But if I can speak to a larger issue, there really is no comparison between a statistical computing environment like R (Python would be a popular alternative), and a spreadsheet application like Excel. If you are working with a small amount of data (i.e. no more data than you can see on the screen), and you want to manipulate things by hand (i.e. with the mouse), then Excel is easier to use. But if you want to work with a larger of amount of data (i.e. more than you can visually see on the screen) and perform manipulations, transformations, or algorithmic procedures on your data (i.e. writing code, not mouse-clicks), then you really want something with R's capabilities. I'll posit the analogy that if Excel is like a pencil, then R is like a laser printer.
Wow. That makes me feel good about buying Marchi's book, as well. And on that note, this is the last question before we move on to part three of the interview, The Sabermetric Revolution, which is now on my bookshelf: What do you want to see done with the MLBAM and PitchF/X data that you may not have the time to do?

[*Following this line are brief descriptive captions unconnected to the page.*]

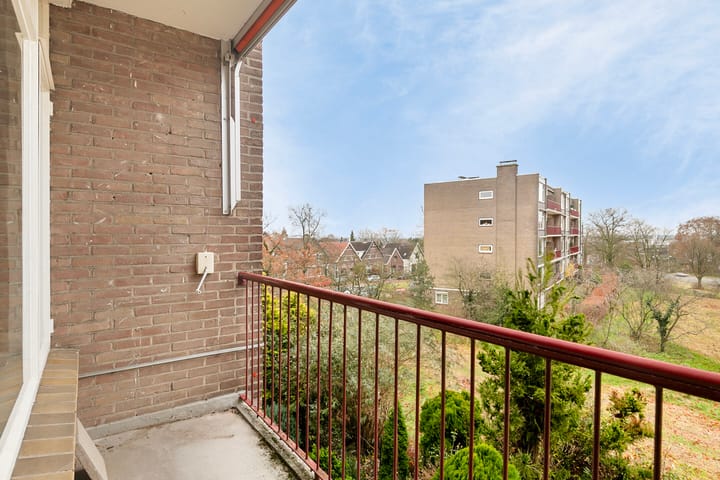 Foto 16 van Bauerstraat 5-2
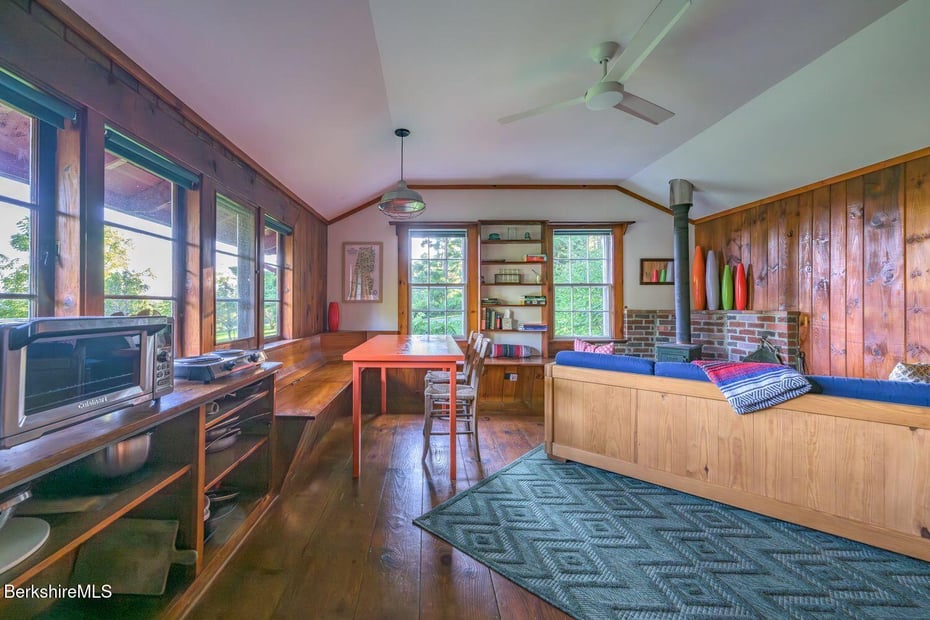 651 Hayes Hill Rd Photo 58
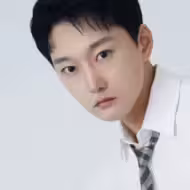 李卓扬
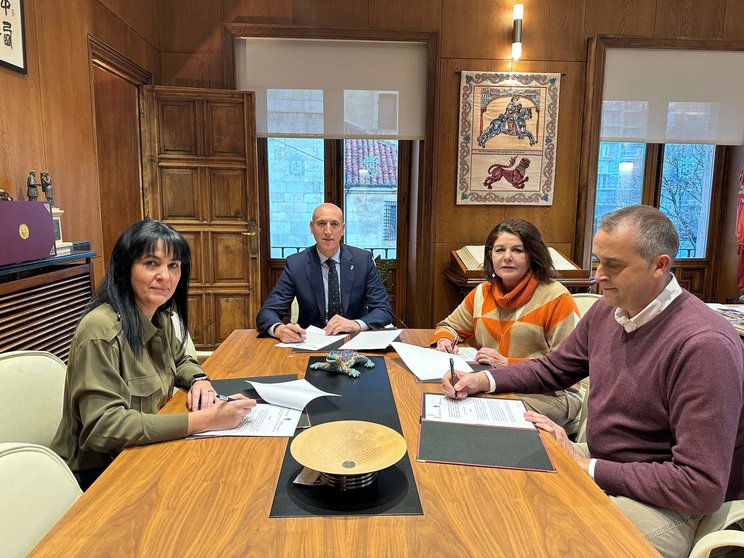 El alcalde de León, José Antonio Diez, y la alcaldesa de San Andrés del Rabanedo, han firmado hoy la prórroga del convenio entre ambos municipios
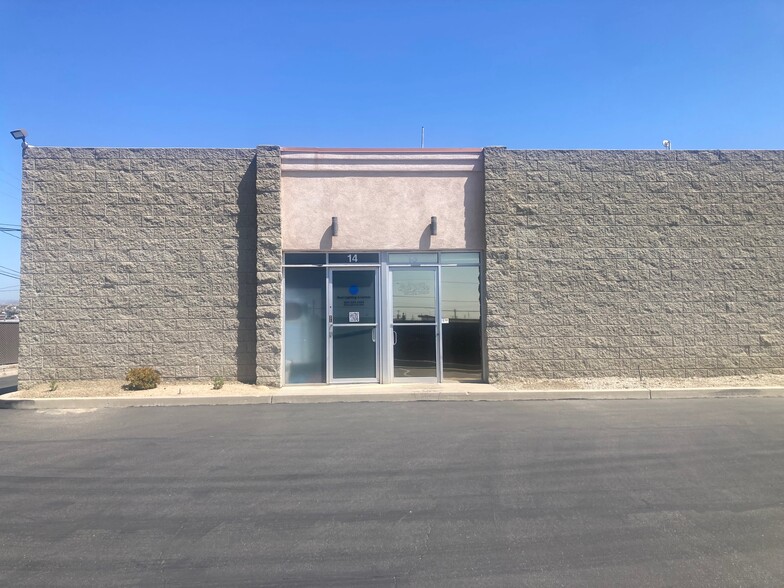 2747 Sherwin Ave, Ventura, CA for sale - Building Photo - Image 2 of 8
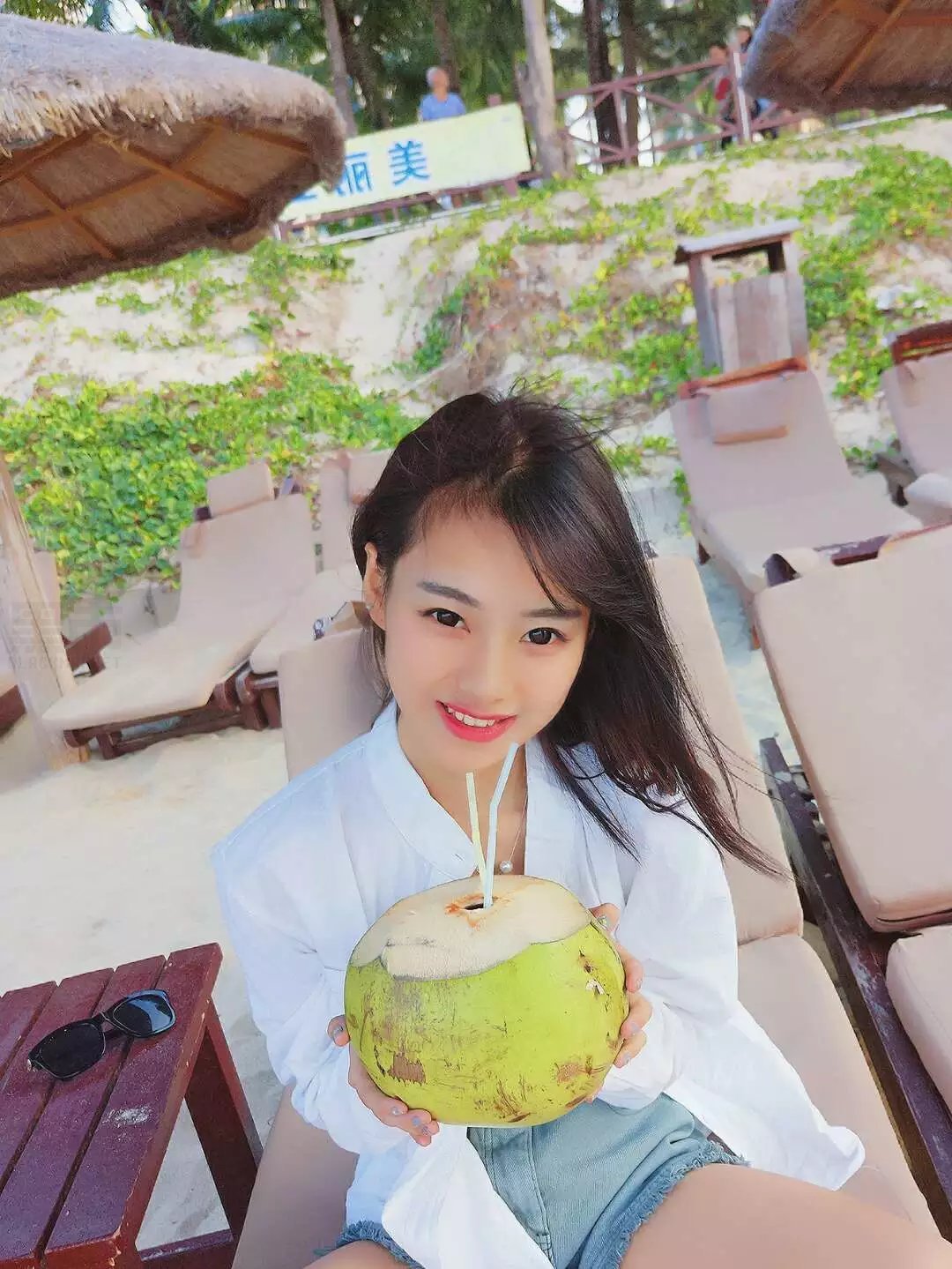 KK77_745张图+32个视频 超真实美女青春朋友圈生活照-4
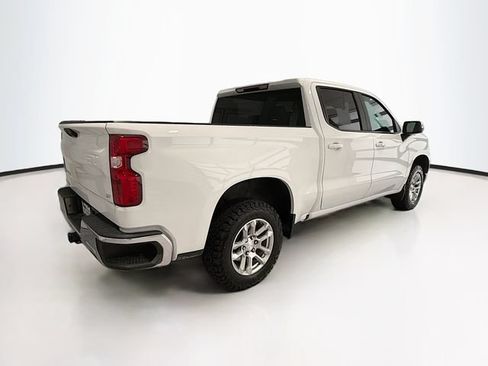Used 2023 Chevrolet Silverado 1500 LT w/ Z71 Off-Road Package AWD/4WD image 7
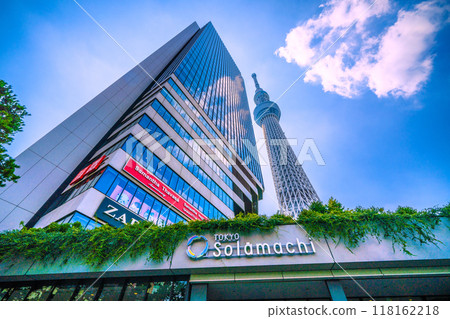 日本東京城市景觀：東京晴空塔與晴空街道綠樹成蔭 = 9 月 6 日 118162218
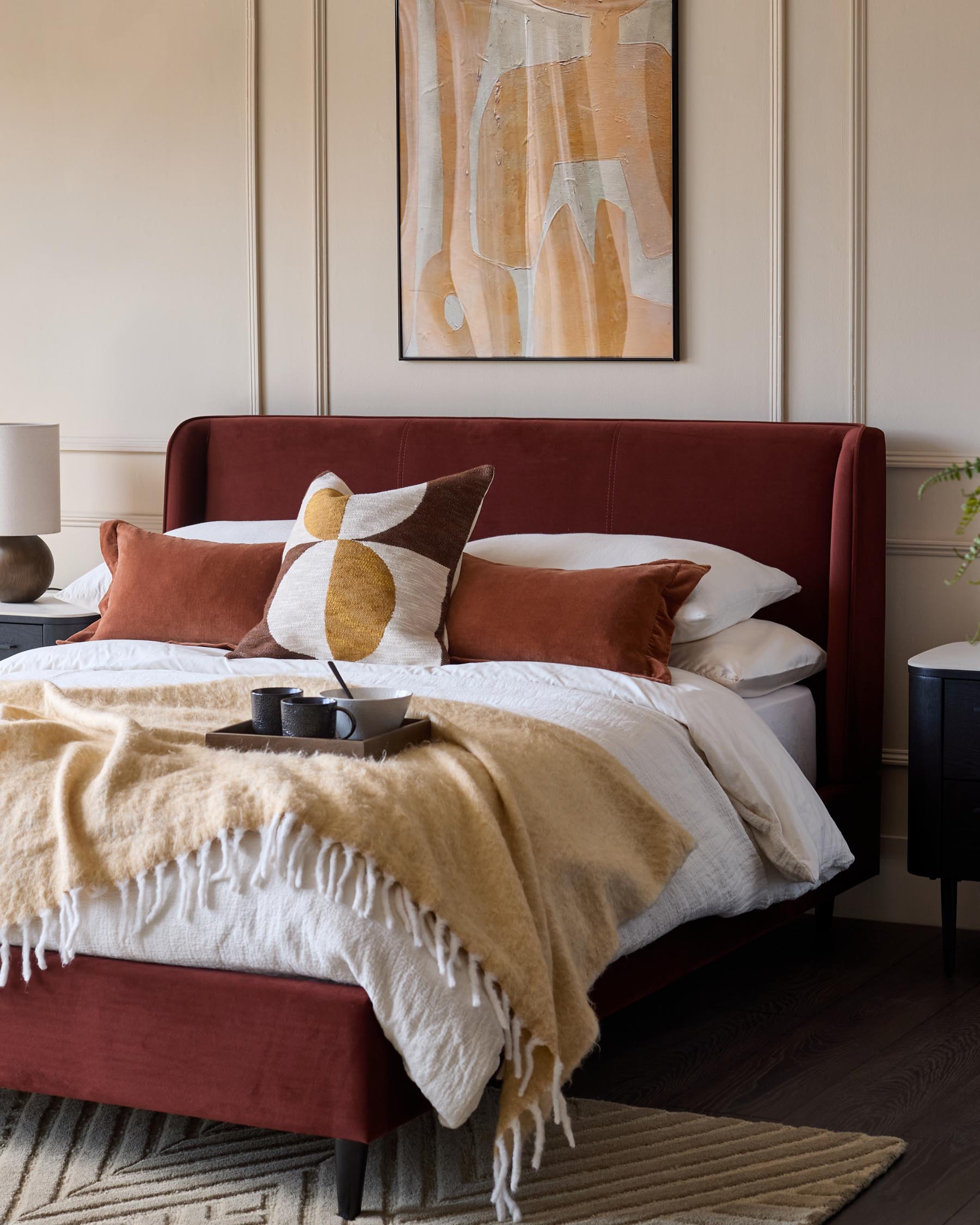 Lit king size Paolo en velours rouge caramel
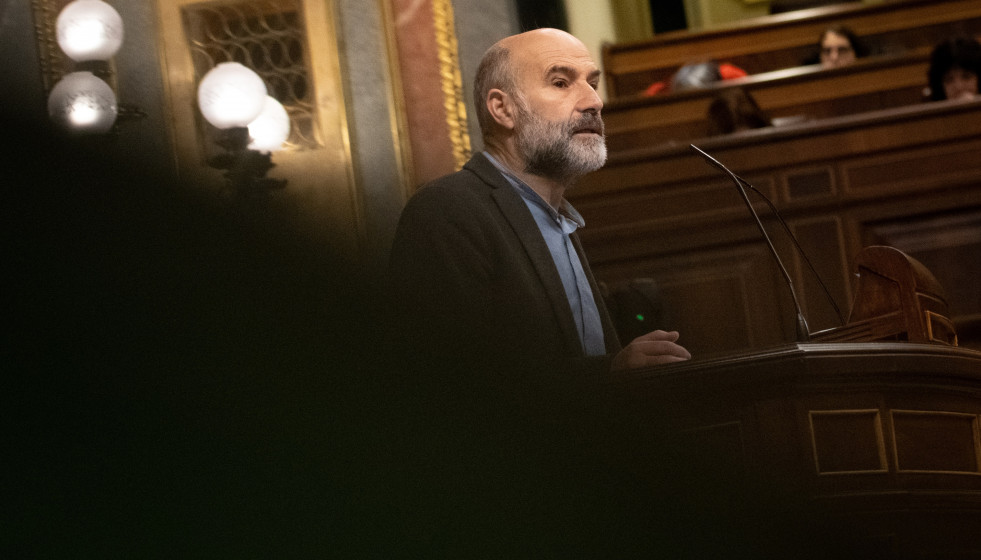 El diputado del BNG, Néstor Rego, durante una sesión plenaria en el Congreso, a 11 de diciembre de 2025, en Madrid (España).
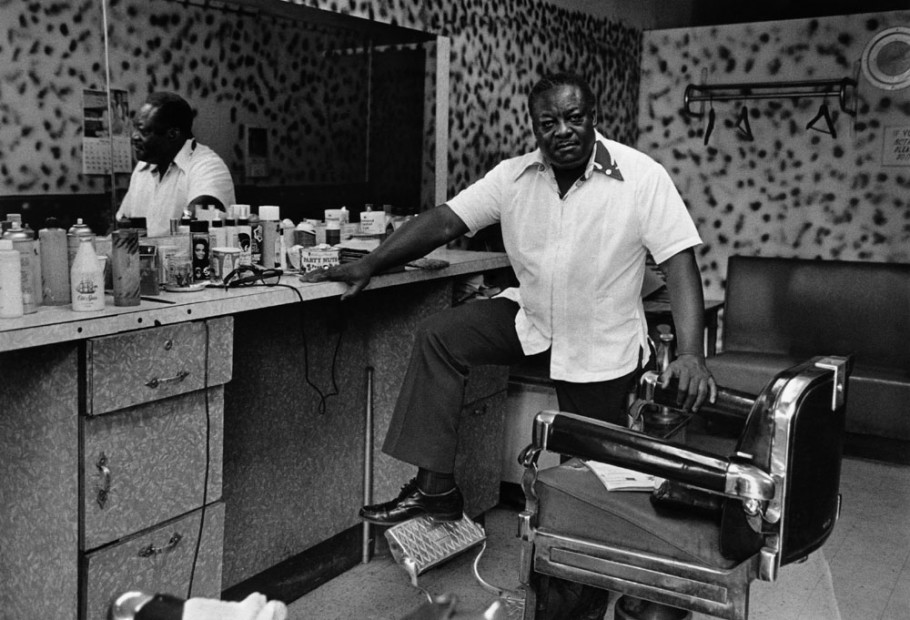 Deas McNeil, The Barber, Harlem, 1976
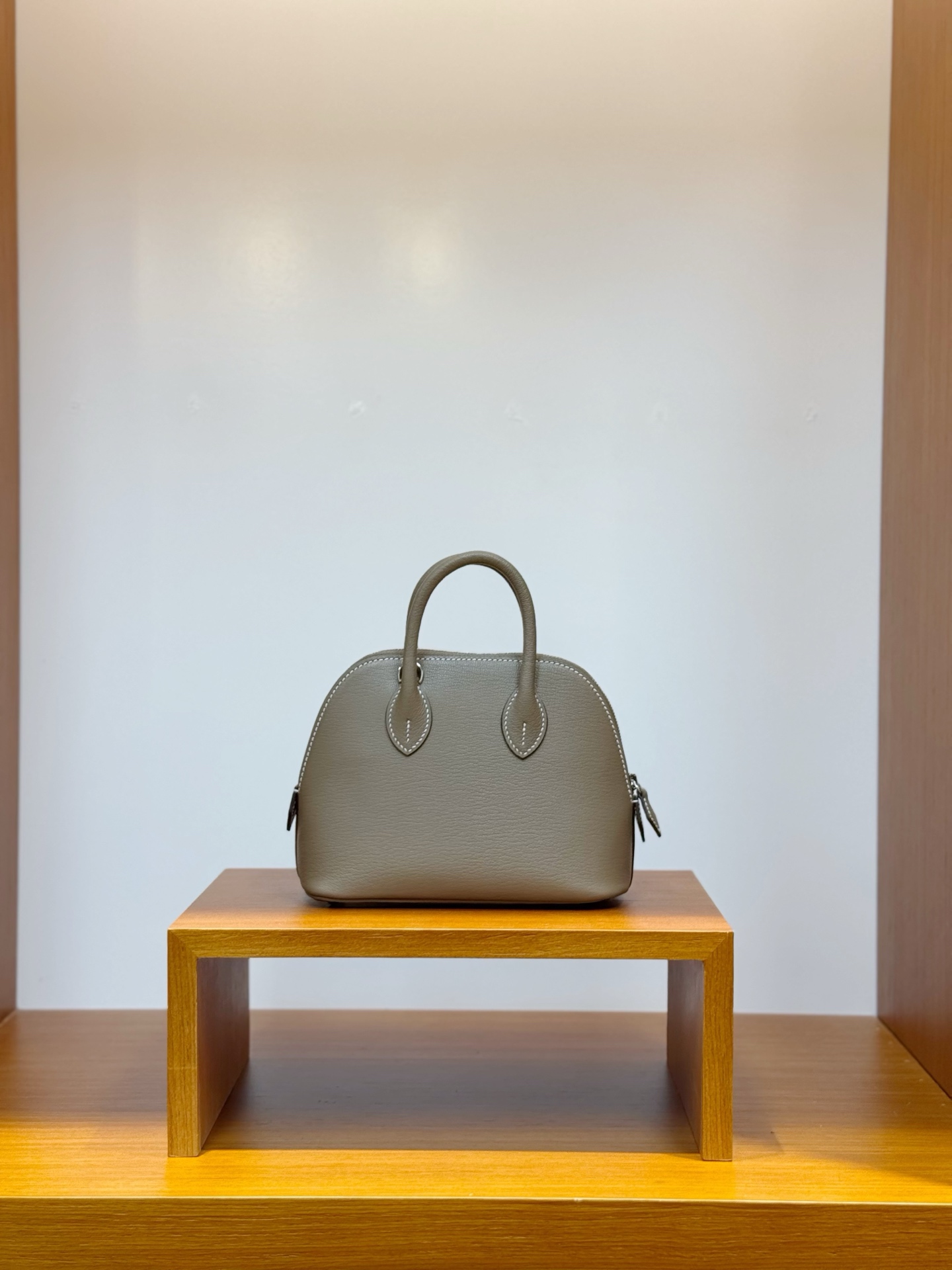 NO:698216,In stock, mini bowling ball, elephant gray silver buckle, goatskin imported from France, hand-stitched wax thread, Hermes, hermes, sheepskin, Hermes,19860909现货,mini保龄球,大象灰银扣,法国进口山羊皮,纯手工手缝蜡线,爱马仕,hermes,sheepskin,Hermes,,Bag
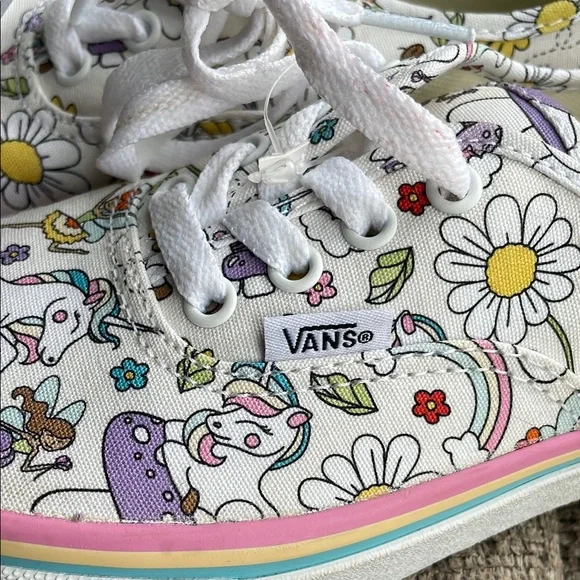 NWOT Vans Unicorn Mushroom Floral Canvas Sneakers Big Kid 4.5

Hmm...I've always thought the relationship between location and velocity would be interesting to study. That is, what velocity is required to make a fastball right down the middle as effective as a 90 mph fastball on the outside corner? That might not be so hard of a question to address, but obviously the real answer will depend on the sequencing, the secondary offerings, the count, etc.
In general, I'd be interested in having a more definitive sense of why certain pitchers can be effective with an 86 mph fastball and others struggle when they're throwing 96. Is it just location? Can we examine the repertoire of a soft-tossing lefty who dominates in AA and definitively say that he simply doesn't have a chance to pitch in the major leagues? Conversely, can we analyze the offerings of a flamethrower in A ball and explain to him exactly how much better his fastball command has to get in order for him to be successful in the major leagues? These seem like accessible questions to which it would be valuable to have answers.